働き方

氷河期世代にコロナの突風 失職、再就職ままならず

 新型コロナウイルスの影響で「就職氷河期世代」が苦境に陥っている。バブル崩壊後の厳しい経済状況のため、安定的な職業に就くことが困難だった40歳代を中心とする人たち。政府はこの世代の正規雇用を30万人増やすとの目標を令和元年に閣議決定したが、雇用環境の悪化で解雇される人も出てきた。関係者は「自信を失っていた人たちに、コロナが追い打ちをかけている」と危機感を募らせている。(加納裕子)

 派遣は真っ先に

 「書類選考で『会ってみたいな』と思う人が面接に呼ばれる。書類には自分の強みを書いて、ほかの人と差別化して」

 1月15日、大阪市浪速区で行われた氷河期世代向けのキャリア研修で、キャリアコンサルタントが真剣に語りかけた。参加者4人は深くうなずく。

 研修は厚生労働省の「不安定就労者再チャレンジ支援事業」の一環で、正社員としての就職を目指す35~54歳が対象だ。オンラインと対面を組み合わせた2カ月間の研修の後、企業とのマッチングを行い、就職後の定着も支援する。

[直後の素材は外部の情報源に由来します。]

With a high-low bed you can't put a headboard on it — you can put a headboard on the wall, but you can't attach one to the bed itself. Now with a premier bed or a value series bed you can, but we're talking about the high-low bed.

 大阪市内に住む40代男性は、昨年5月末に派遣会社から契約を打ち切られ、再就職先が決まらずに「わらにもすがる思いで応募した」という。それまでは派遣先でパソコンのセットアップの仕事をしていたが、昨年4月以降仕事が減り、業務が縮小されたあおりを受けた。「6月以降は失業保険で暮らしてきたが、今月で切れてしまう。派遣は真っ先に解雇されるので、正社員を目指したい」

 兵庫県伊丹市の40代女性はフリーのデザイナーとして長年働いていたが、コロナで急に仕事がなくなったといい、「正社員には保障があるがフリーにはない。有事に厳しいことを痛感し、雇用形態について考えるきっかけになった」と話す。違う職種も視野に就職活動を続けている。

 求人多い職種も

 氷河期世代は1990年代半ばごろからの雇用環境が厳しい時期に就職活動を行った。不本意ながら非正規雇用で働いたり、就職できずに引きこもりになったりした人もいるとされる。政府は支援が必要な人を約100万人程度と推計、正規雇用者を30万人増やす目標を掲げ、令和元年に行動計画を策定。4年度までに650億円を上回る予算を投じる方針だ。

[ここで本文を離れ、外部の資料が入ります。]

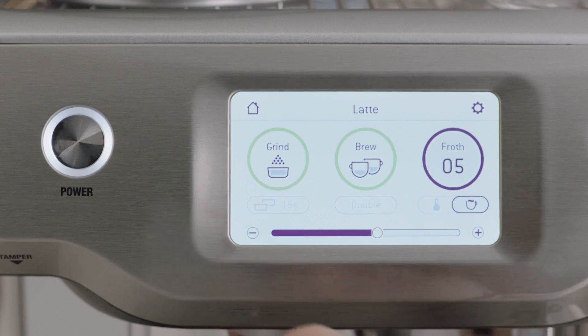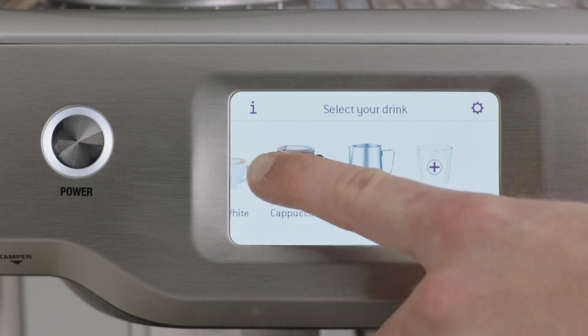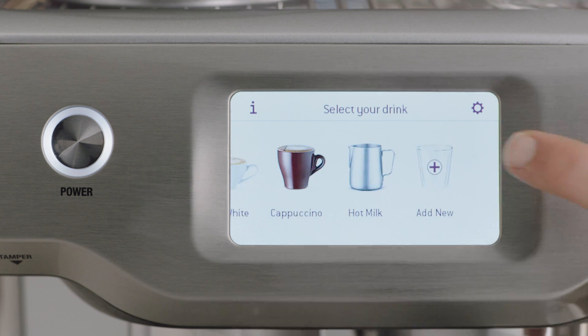If you would like to save your preferences for future use, swipe across the drinks menu and select add new.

 だが計画の初年度となる今年度、コロナ禍により就職環境は悪化し、昨年8~9月には正社員有効求人倍率(季節調整値)は0・78まで落ち込んだ。研修に参加した兵庫県内の40代女性は「昨年11月、経理事務の求人1人に4千人が応募しているのを見て『採用される気がしない』と思った」と打ち明ける。

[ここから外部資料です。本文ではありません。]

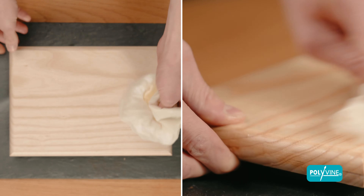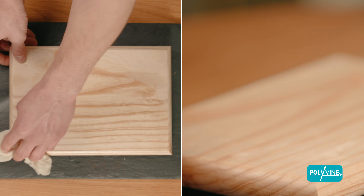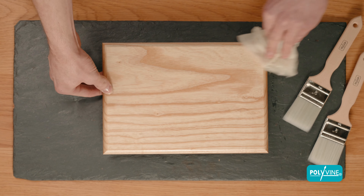Simply add two coats to surfaces such as fencing, cladding, sheds and summer houses for a waterproof and UV-resistant finish.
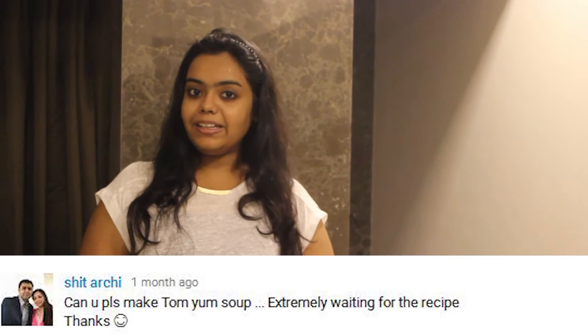Hi friends, welcome back to Simply Jain. This is your host Kishali Shah. Today is another day of our Thai food trip with a suggestion special — that's Tom Yum soup. So let's start making it.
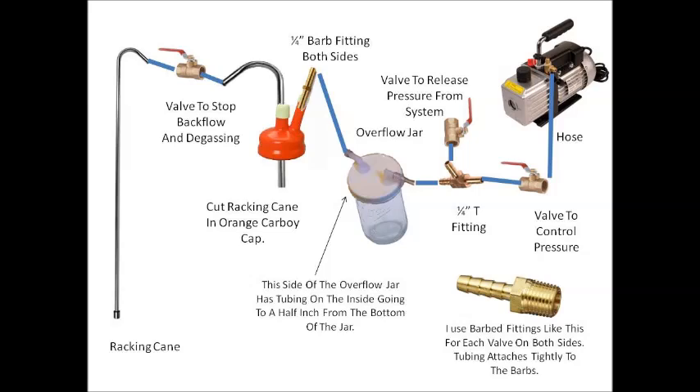Then we have an orange carboy cap that I put a cut-off racking cane into. It only goes into the cap just a few inches, going down the center of the orange carboy cap. On the other side of that carboy cap I have a quarter-inch barb fitting — quarter inch on both sides — that fits perfectly in the little tube coming out of the orange cap. So in essence, I'm putting the racking cane into the sending carboy, putting a cap on the receiving carboy, and creating suction in that carboy. That suction will pull the wine through the racking cane out of the sending carboy.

 大阪労働局の担当者は「コロナ禍が続けば、雇用調整助成金を活用して雇用を維持している企業が倒産し、さらに状況が悪化する可能性もある」と懸念。一方で「介護や保安、建設など、人材不足で求人の多い職種もある」と強調し、ハローワークに氷河期世代向けの専門窓口を設けるなど積極的な支援を続ける。

 研修を請け負う大原学園就職支援センターの篠藤亮事業部長(60)は「不安定な雇用で長い年月を過ごし、能力があるのに下を向いてしまった人も多い。この世代の困難さに、コロナが追い打ちをかけている」と指摘する。研修の講師を務めるキャリアコンサルタントの松本英子さんは「現在の求人状況では自分がやりたい仕事ができるとはかぎらないが、過去の職種にこだわらず、変化を怖がらずに視野を広げてほしい」と強調。その上で「自分に自信を持ち、強みを見つけることが大切だ」と話している。